In the case of R. v. McColman 2021 ONCA 382, the Ontario Court of Appeal dealt with actions taken in and around a private driveway. In the case, the accused was seen driving down the road. Police decided to stop the vehicle but did not act on this until the driver was parked in his parents’ driveway. The driver had committed no breach of the statute before stopping and police did not take steps to initiate a stop until the vehicle had already pulled into the driveway. The driver showed fairly obvious signs of impairment after being detained, was arrested and eventually provided breath samples, the lower of which registered 110 milligrams of alcohol in 100 millilitres of blood.

The trial judge found no Charter breach but the summary appeal judge did. The Ontario Court of Appeal split 2-1 in its decision. The majority, Justices Michael Tulloch and Stanley Feldman, found that the stop and detention of the driver was a breach of his s. 9 Charter rights. The stop was not authorized by law. The HTA does not authorize random stops off the highway. The driveway was not part of a highway. The majority found that earlier appellate cases surrounding police stopping people in their driveway were distinguishable, notably because in those cases the police were following a person on to private property after the driver had already committed an offence under the HTA.
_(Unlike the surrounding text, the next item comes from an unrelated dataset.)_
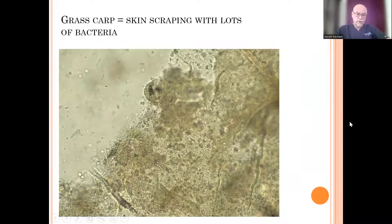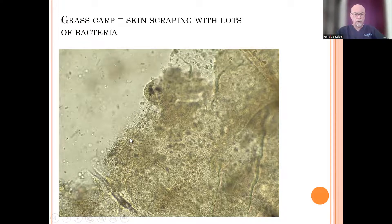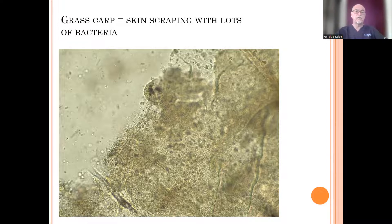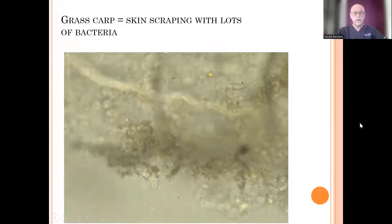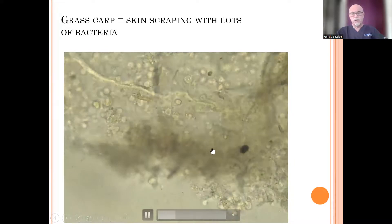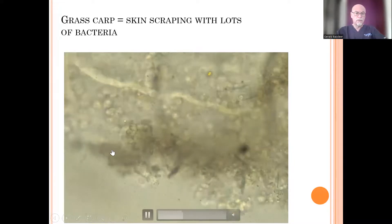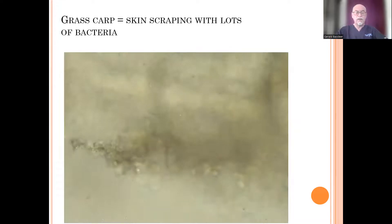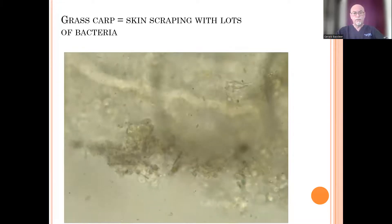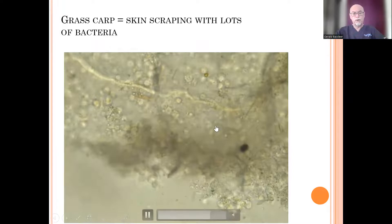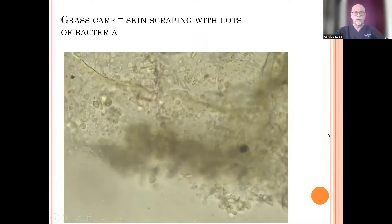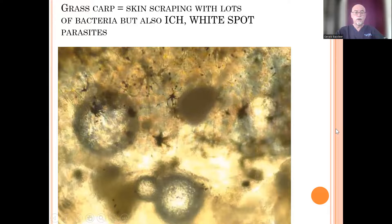We checked first the skin, and after the scrape we found lots of bacteria — colonies of bacteria, probably also some Columnaris bacteria in between, probably two or three kinds of bacteria sitting on the scales and fins of the fish. Here we see it on video — whole groups of bacteria clustered together, damaging the tissue and scales, and keeping the fish in very poor condition.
If the police had attempted to stop the vehicle prior to it entering the driveway and the driver failed to comply until on private property then the stop would be acceptable. It is in the situation where police have not acted before the vehicle has entered onto private property that a breach occurs.

This case is likely to encourage police to make decisions, and act on them, before an individual leaves the roadway. Factual arguments about when police activated emergency equipment are likely to become more common as a result of this important differentiation. The majority found that “while the liberty interests at stake are qualified by the driving context, randomly detaining an individual on their own driveway is a non-trivial interference with liberty.” A specific concern noted was that the random stops which police wish to impose would typically not lead to charges and would leave no forum for detained individuals to challenge the legality of these stops.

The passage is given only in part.